[Start of section]
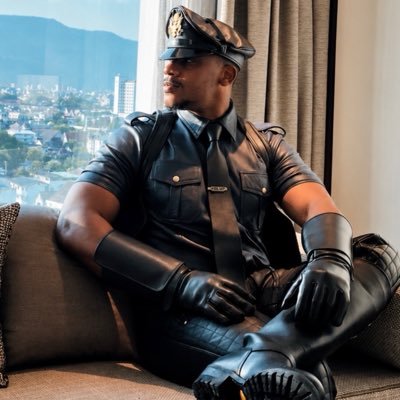 Alaricalgos's profile picture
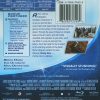 [USADO] Roving Mars Blu-ray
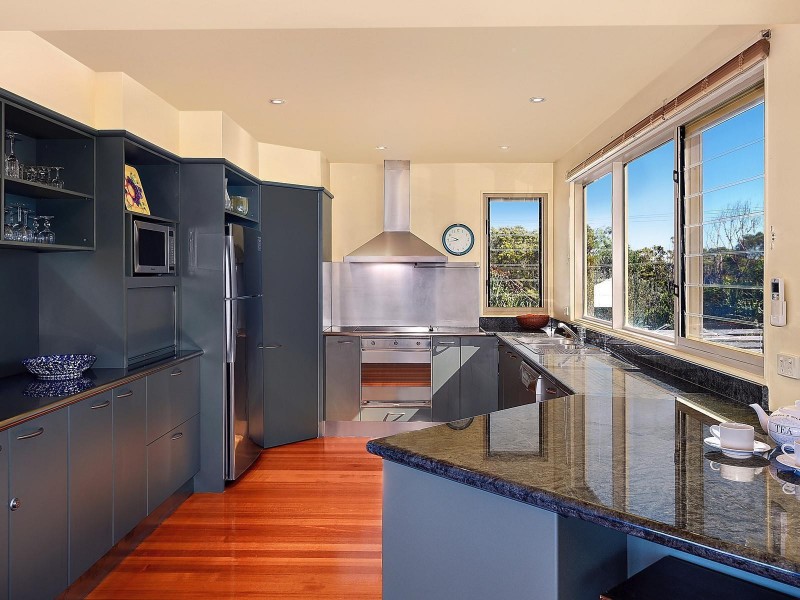 126 Camden Head Road, Dunbogan NSW 2443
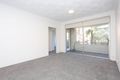 Property photo of 1/1 Henderson Street Bondi NSW 2026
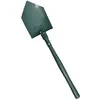 Image de CAO Pelle Pioche Pliante Export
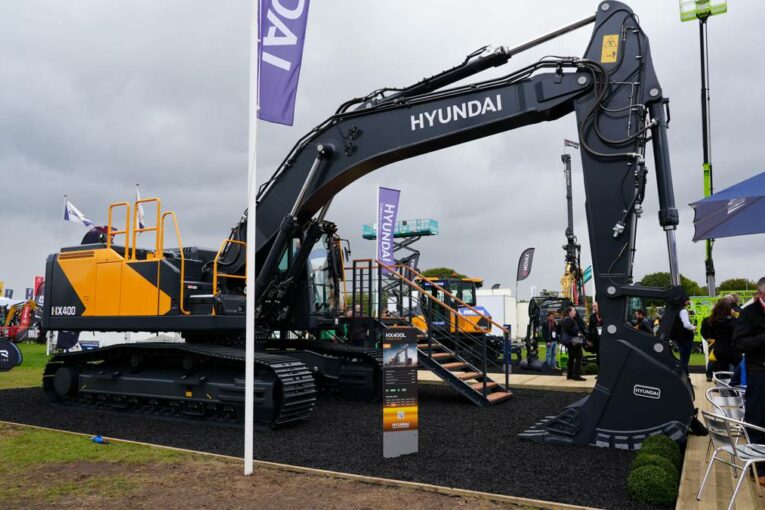 PlantWorx 2025 Closes with Strong Sales, Innovation and Optimism for the Future
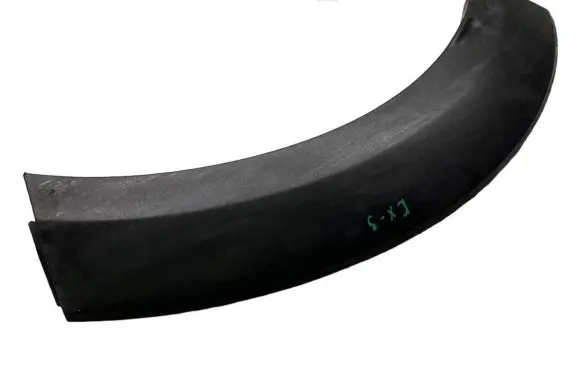 Mazda CX-3 Rear arch trim D10E51W51 K3006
[End of section]
» Work required:
The copy should hold, exactly, the lines from the one containing "Property photo of" to the final line of the listing above, with both ends present and no pictures.

» Exercise result:
 Property photo of 1/1 Henderson Street Bondi NSW 2026
 Image de CAO Pelle Pioche Pliante Export
 PlantWorx 2025 Closes with Strong Sales, Innovation and Optimism for the Future
 Mazda CX-3 Rear arch trim D10E51W51 K3006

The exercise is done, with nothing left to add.